§ Task goal:
Every line below from the one with "this 267×200 image." through the one with "this 1270×952 image." is to be repeated exactly, with no picture among them.

§ Material provided:
══════════════════════════════

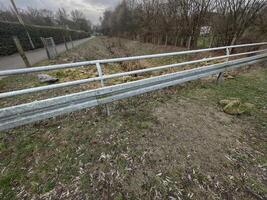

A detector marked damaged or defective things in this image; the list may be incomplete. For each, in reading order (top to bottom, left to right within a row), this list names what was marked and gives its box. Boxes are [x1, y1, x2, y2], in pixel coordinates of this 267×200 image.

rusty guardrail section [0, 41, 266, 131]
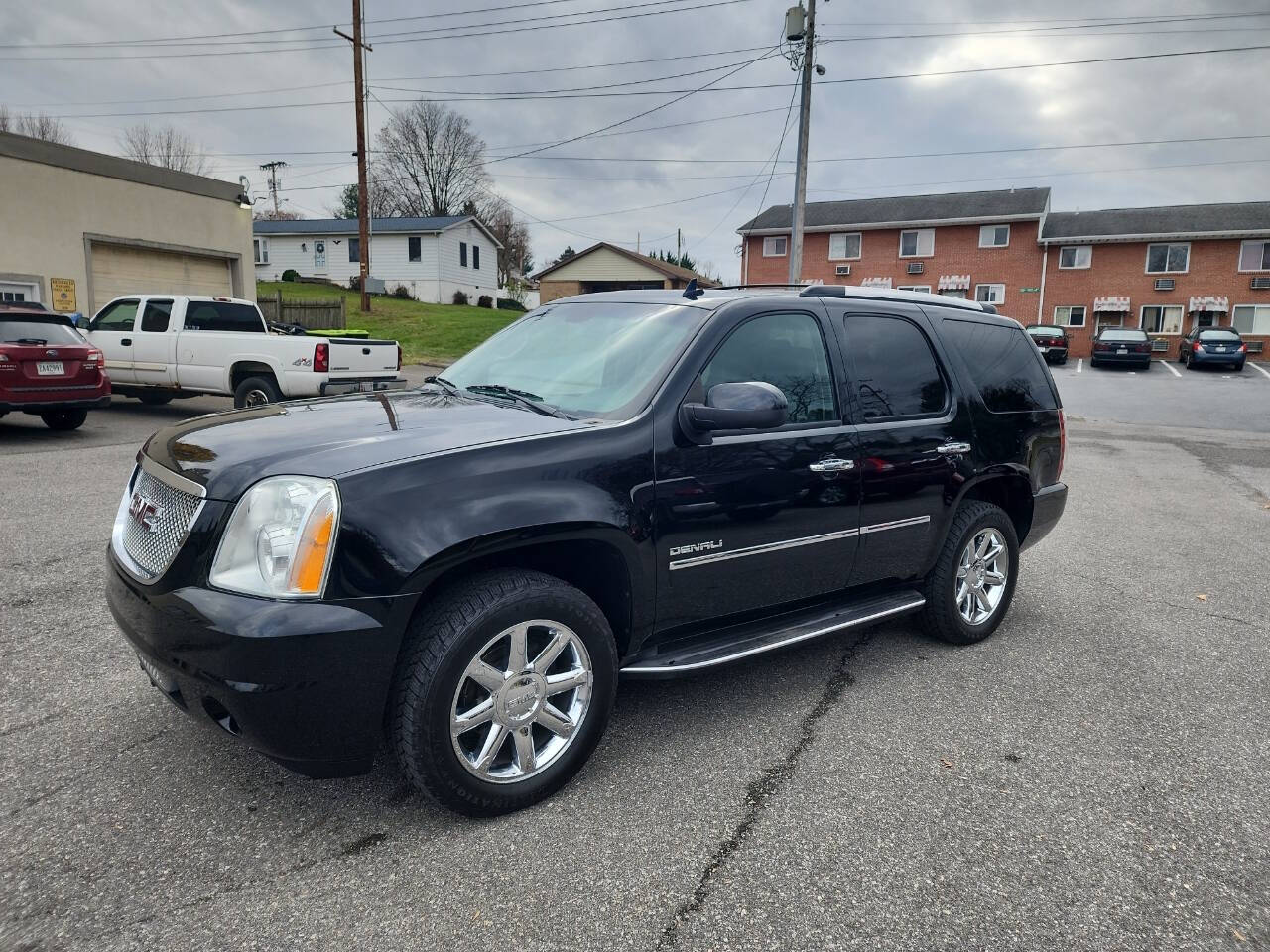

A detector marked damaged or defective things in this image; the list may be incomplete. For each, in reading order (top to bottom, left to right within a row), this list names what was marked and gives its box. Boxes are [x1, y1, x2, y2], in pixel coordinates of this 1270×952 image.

══════════════════════════════

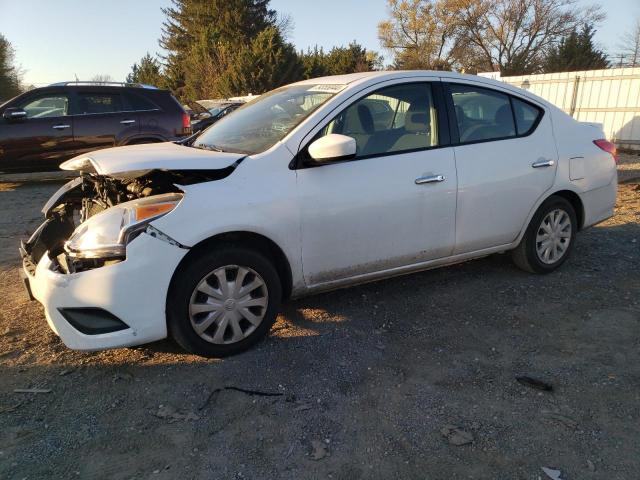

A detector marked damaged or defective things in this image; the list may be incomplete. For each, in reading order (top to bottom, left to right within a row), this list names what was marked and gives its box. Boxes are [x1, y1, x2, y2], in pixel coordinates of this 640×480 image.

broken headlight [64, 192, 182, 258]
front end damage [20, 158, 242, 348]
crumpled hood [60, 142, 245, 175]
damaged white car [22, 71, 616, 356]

══════════════════════════════

§ Answer space:
A detector marked damaged or defective things in this image; the list may be incomplete. For each, in reading order (top to bottom, left to right within a row), this list names what was marked and gives its box. Boxes are [x1, y1, x2, y2], in pixel coordinates of this 267×200 image.

rusty guardrail section [0, 41, 266, 131]

A detector marked damaged or defective things in this image; the list may be incomplete. For each, in reading order (top to bottom, left to right within a row), this list names what was marked and gives its box. Boxes are [x1, y1, x2, y2], in pixel coordinates of this 1270×952 image.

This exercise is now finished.